Problem description: Beginning at the line with "media/Jan-15-2023-SoCal Trackdays (Sun)" in the records below, return each line up to and including the last, exactly as it stands, but not the pictures.

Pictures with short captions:
*** Begin section ***

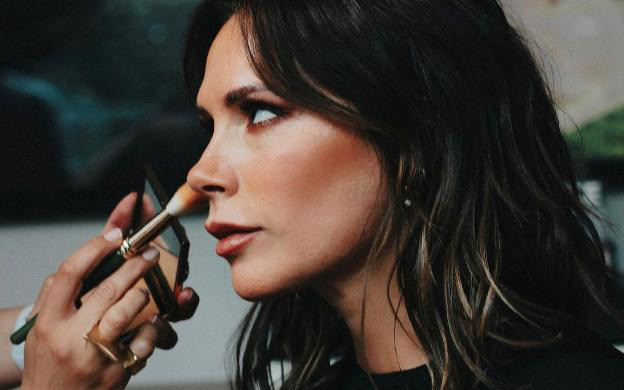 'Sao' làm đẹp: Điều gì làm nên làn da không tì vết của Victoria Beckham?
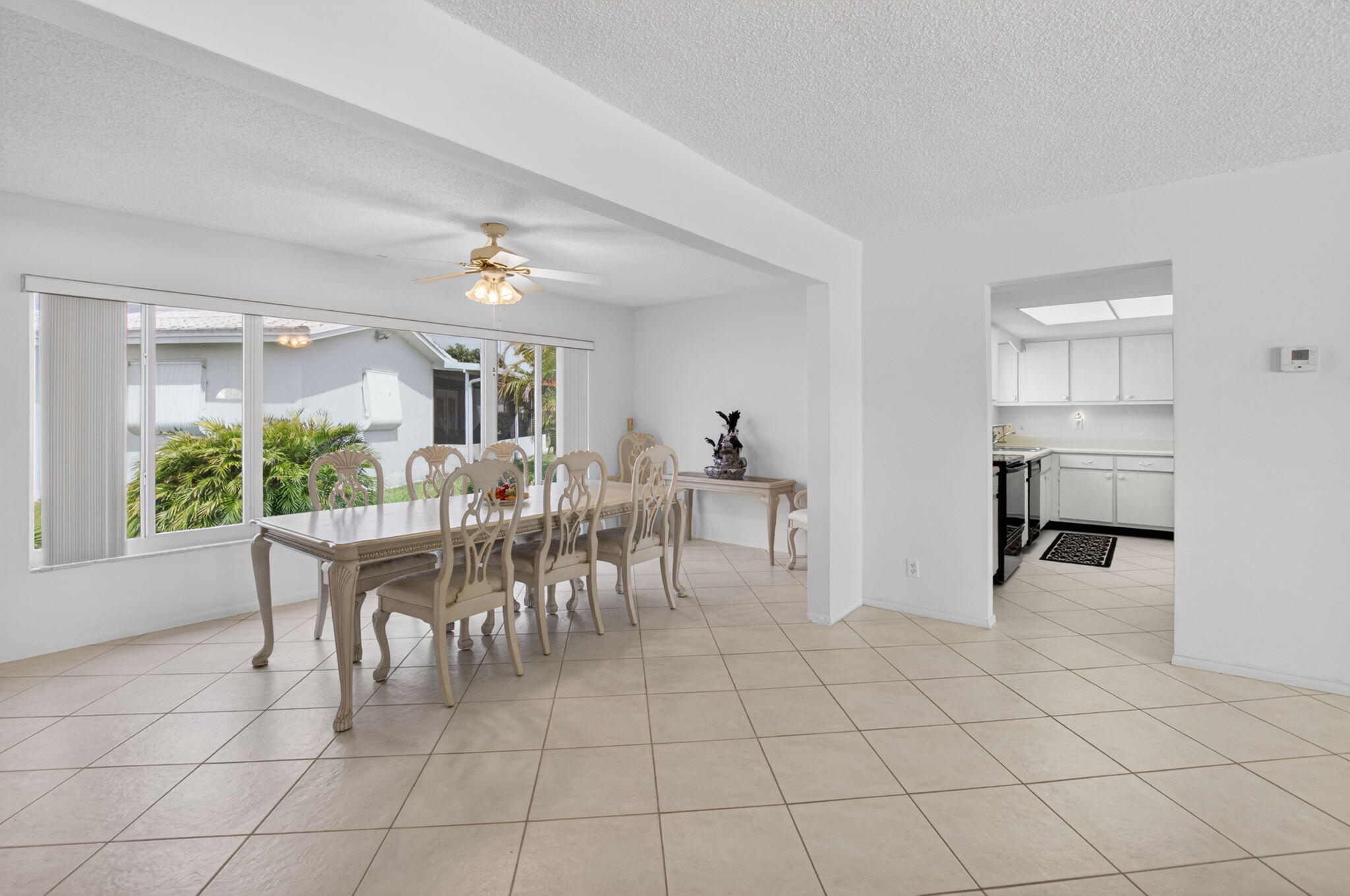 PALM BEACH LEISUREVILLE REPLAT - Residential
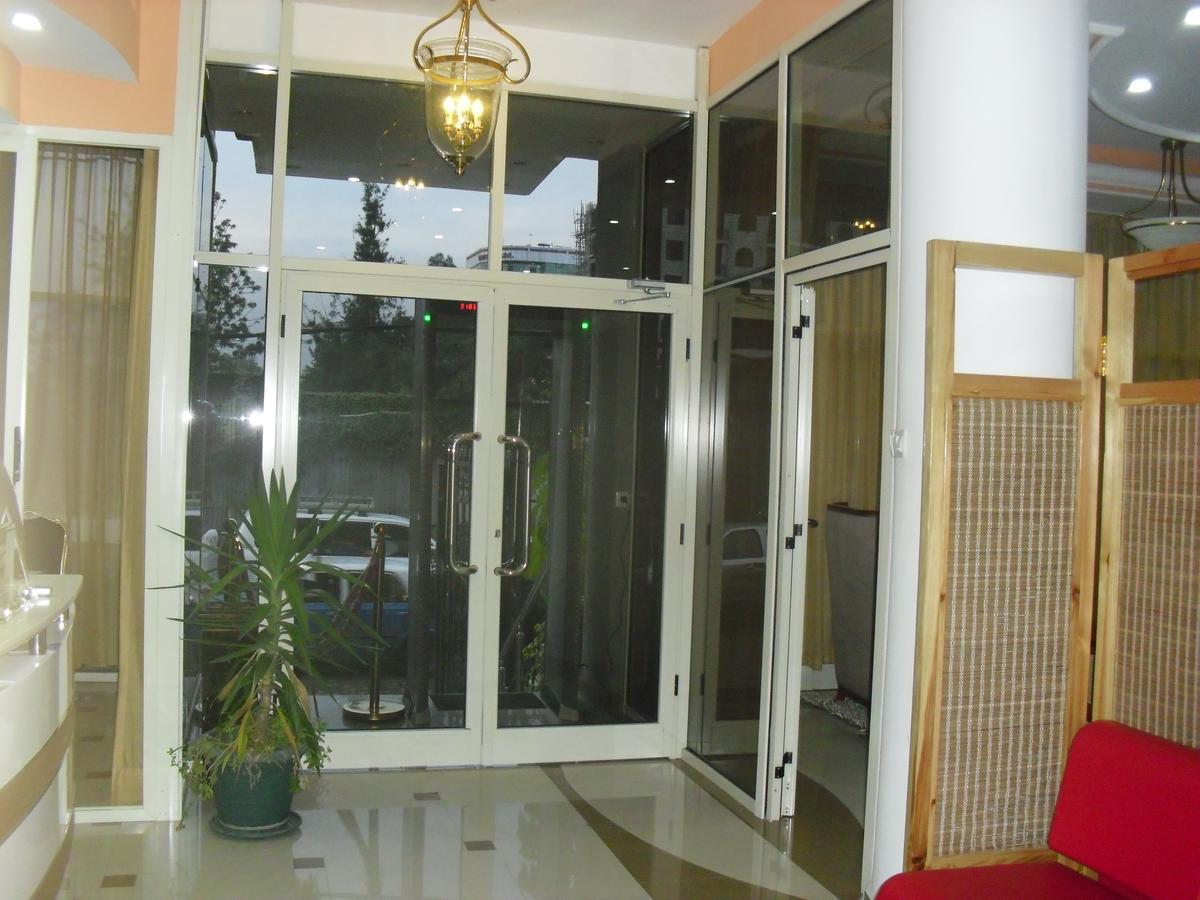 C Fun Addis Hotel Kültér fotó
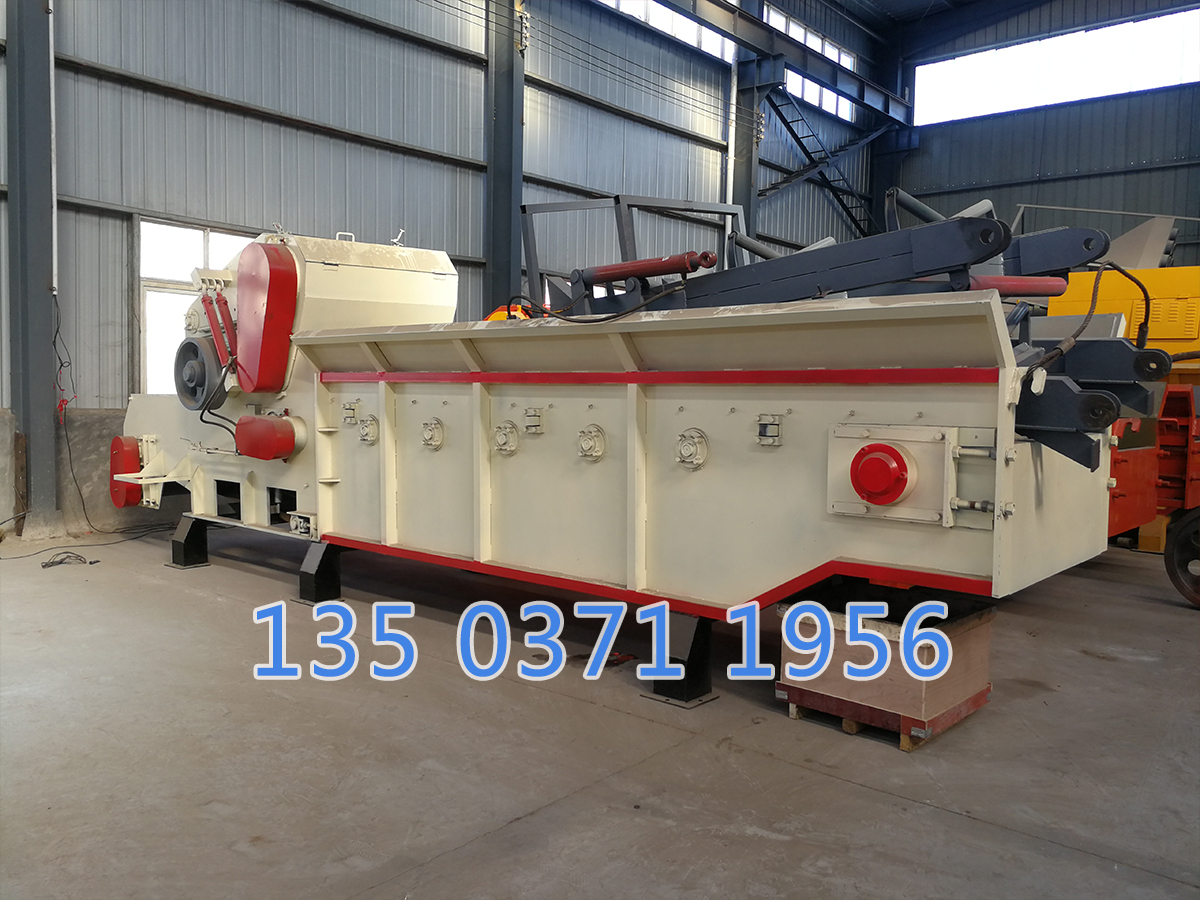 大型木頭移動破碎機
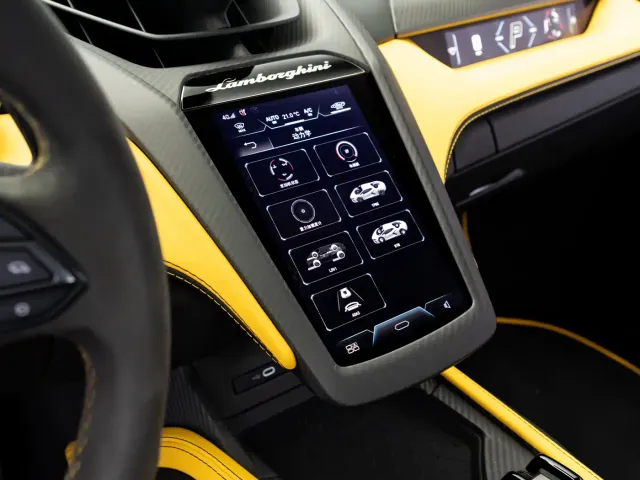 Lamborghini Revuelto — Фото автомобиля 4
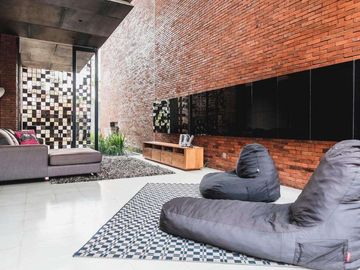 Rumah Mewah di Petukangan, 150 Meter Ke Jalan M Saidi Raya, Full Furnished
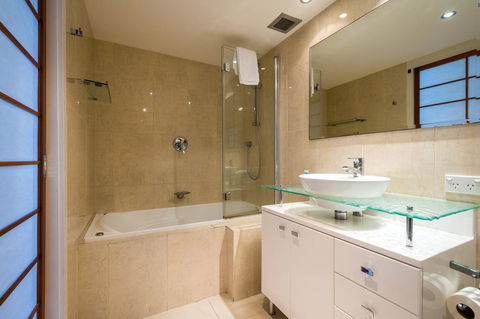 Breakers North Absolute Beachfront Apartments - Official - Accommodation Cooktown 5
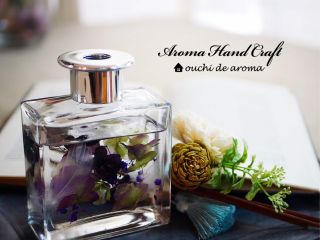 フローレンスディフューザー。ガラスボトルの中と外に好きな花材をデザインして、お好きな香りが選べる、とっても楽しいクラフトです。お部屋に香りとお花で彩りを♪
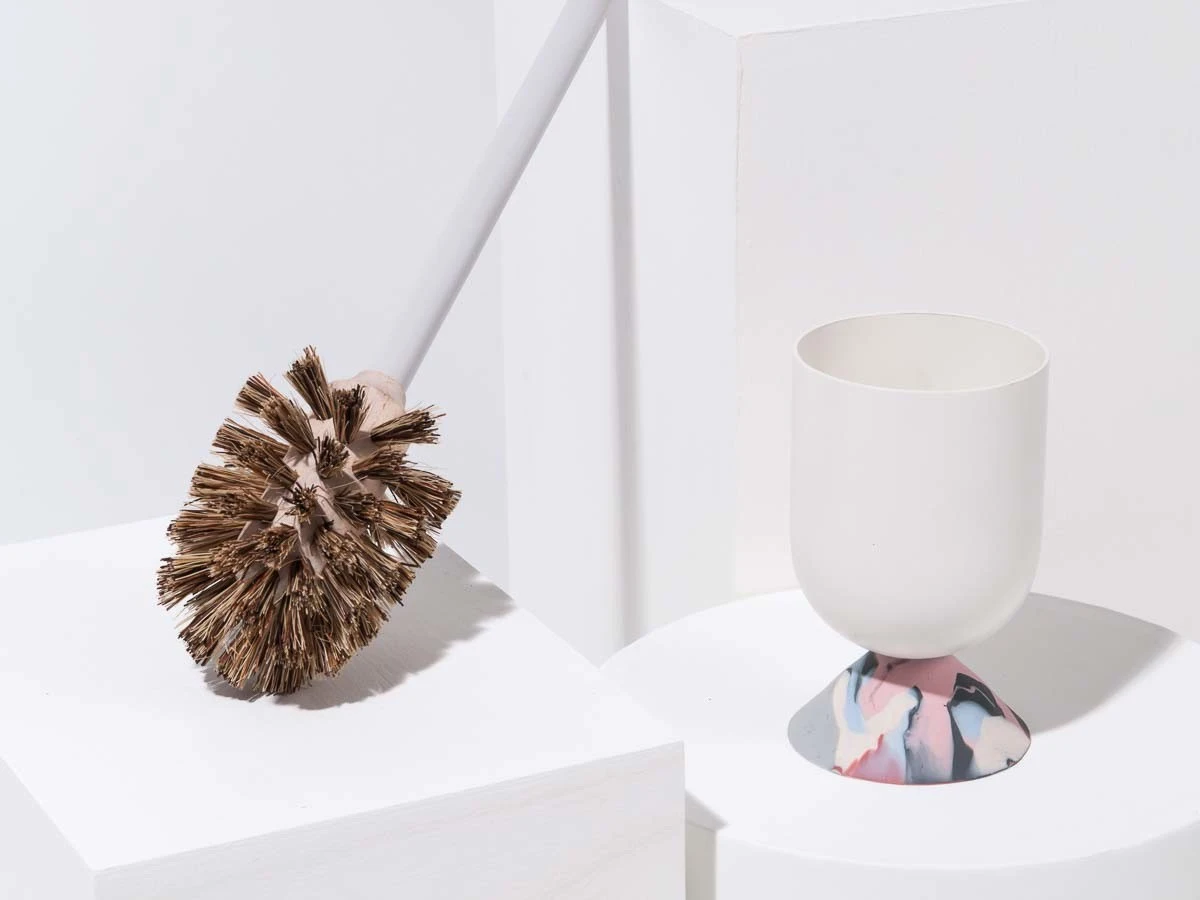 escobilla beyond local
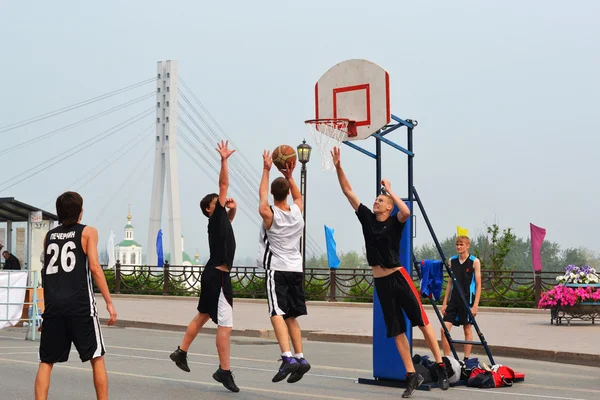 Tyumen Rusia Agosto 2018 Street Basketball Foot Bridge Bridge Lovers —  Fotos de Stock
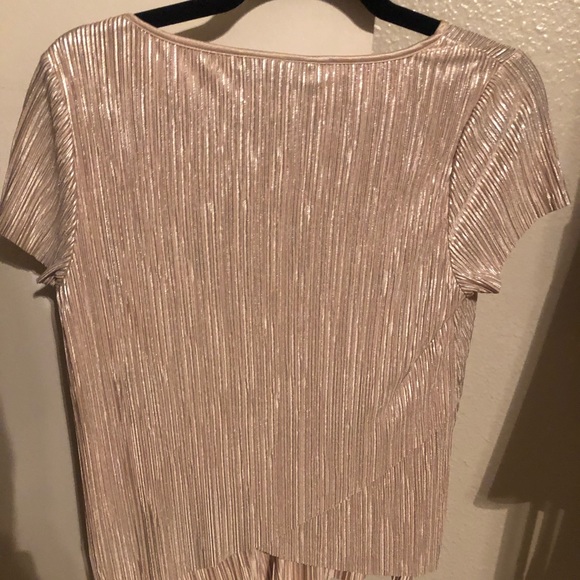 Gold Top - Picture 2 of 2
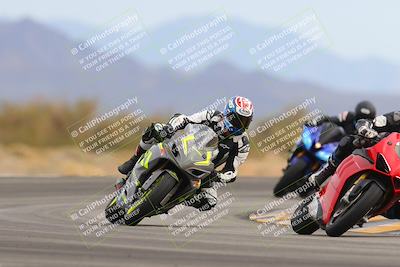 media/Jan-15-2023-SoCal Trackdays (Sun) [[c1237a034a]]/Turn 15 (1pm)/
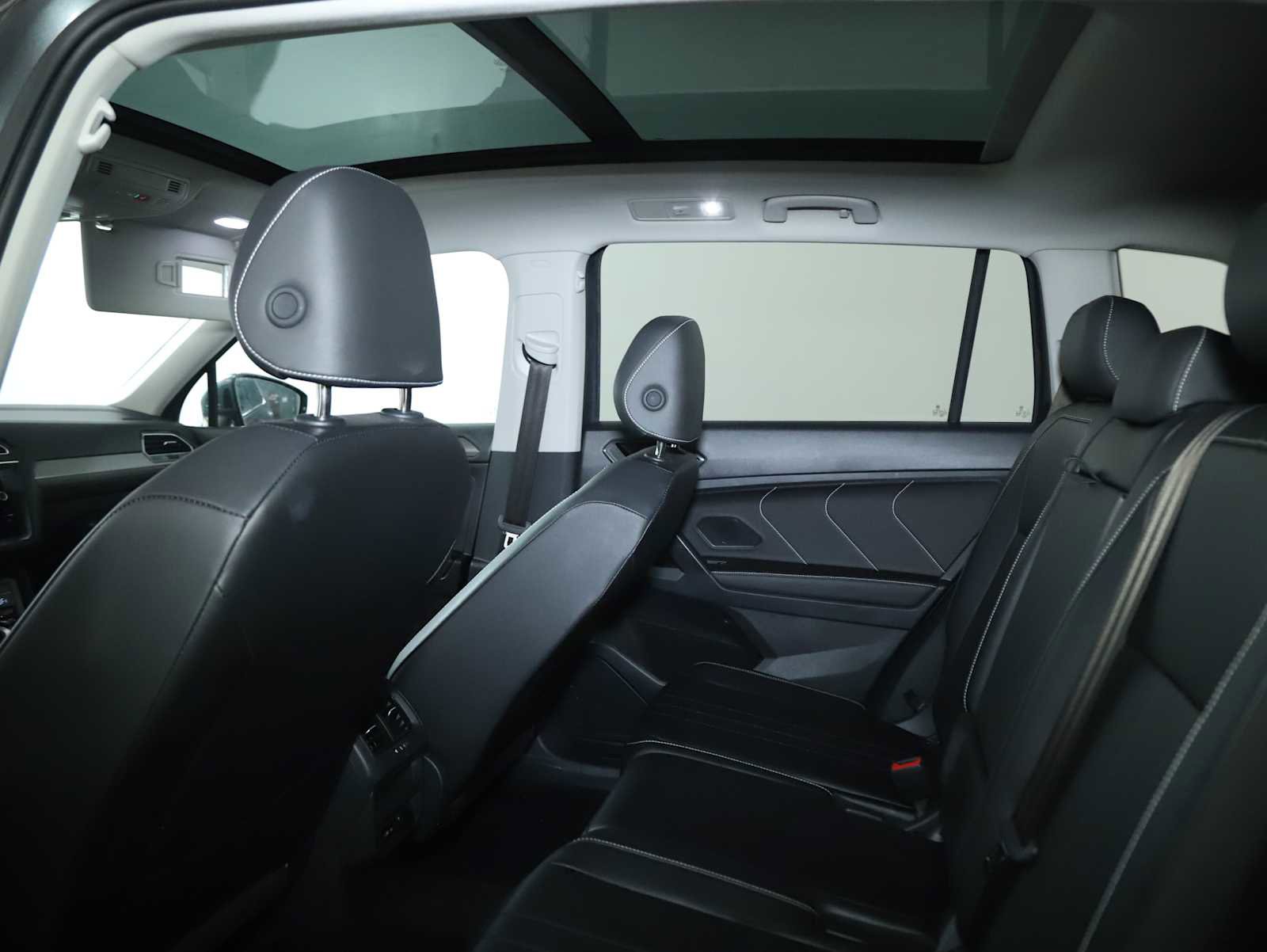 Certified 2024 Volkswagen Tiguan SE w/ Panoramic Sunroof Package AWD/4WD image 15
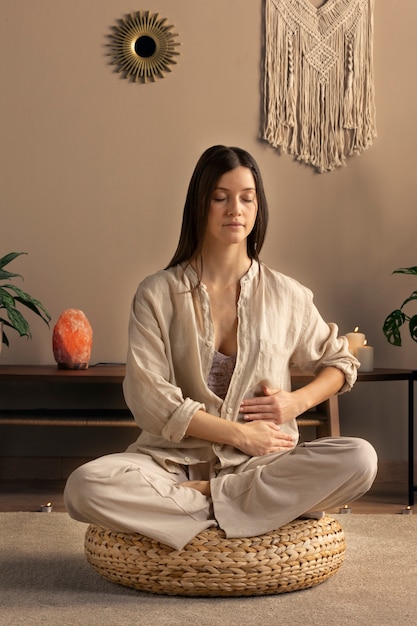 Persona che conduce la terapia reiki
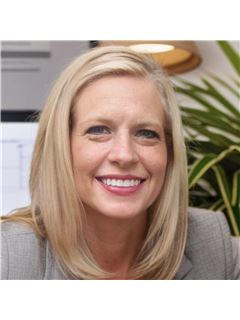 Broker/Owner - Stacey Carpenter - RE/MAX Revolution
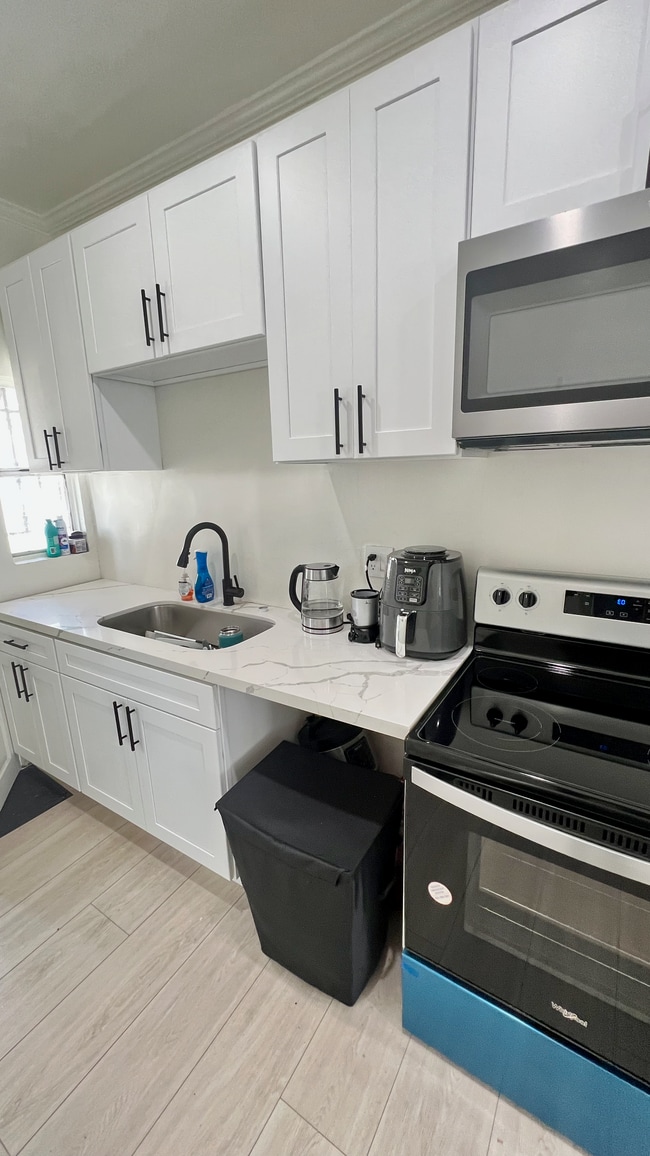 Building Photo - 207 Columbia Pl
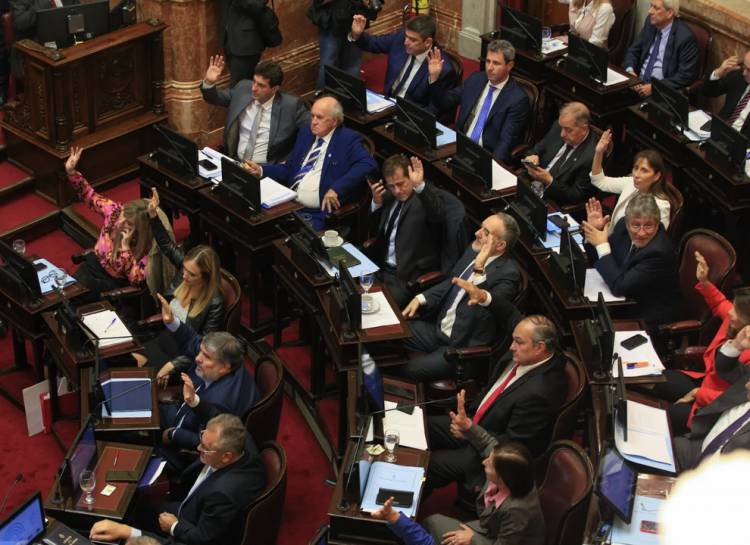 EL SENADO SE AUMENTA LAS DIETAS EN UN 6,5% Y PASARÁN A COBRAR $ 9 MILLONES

*** End section ***

Solution:
 media/Jan-15-2023-SoCal Trackdays (Sun) [[c1237a034a]]/Turn 15 (1pm)/
 Certified 2024 Volkswagen Tiguan SE w/ Panoramic Sunroof Package AWD/4WD image 15
 Persona che conduce la terapia reiki
 Broker/Owner - Stacey Carpenter - RE/MAX Revolution
 Building Photo - 207 Columbia Pl
 EL SENADO SE AUMENTA LAS DIETAS EN UN 6,5% Y PASARÁN A COBRAR $ 9 MILLONES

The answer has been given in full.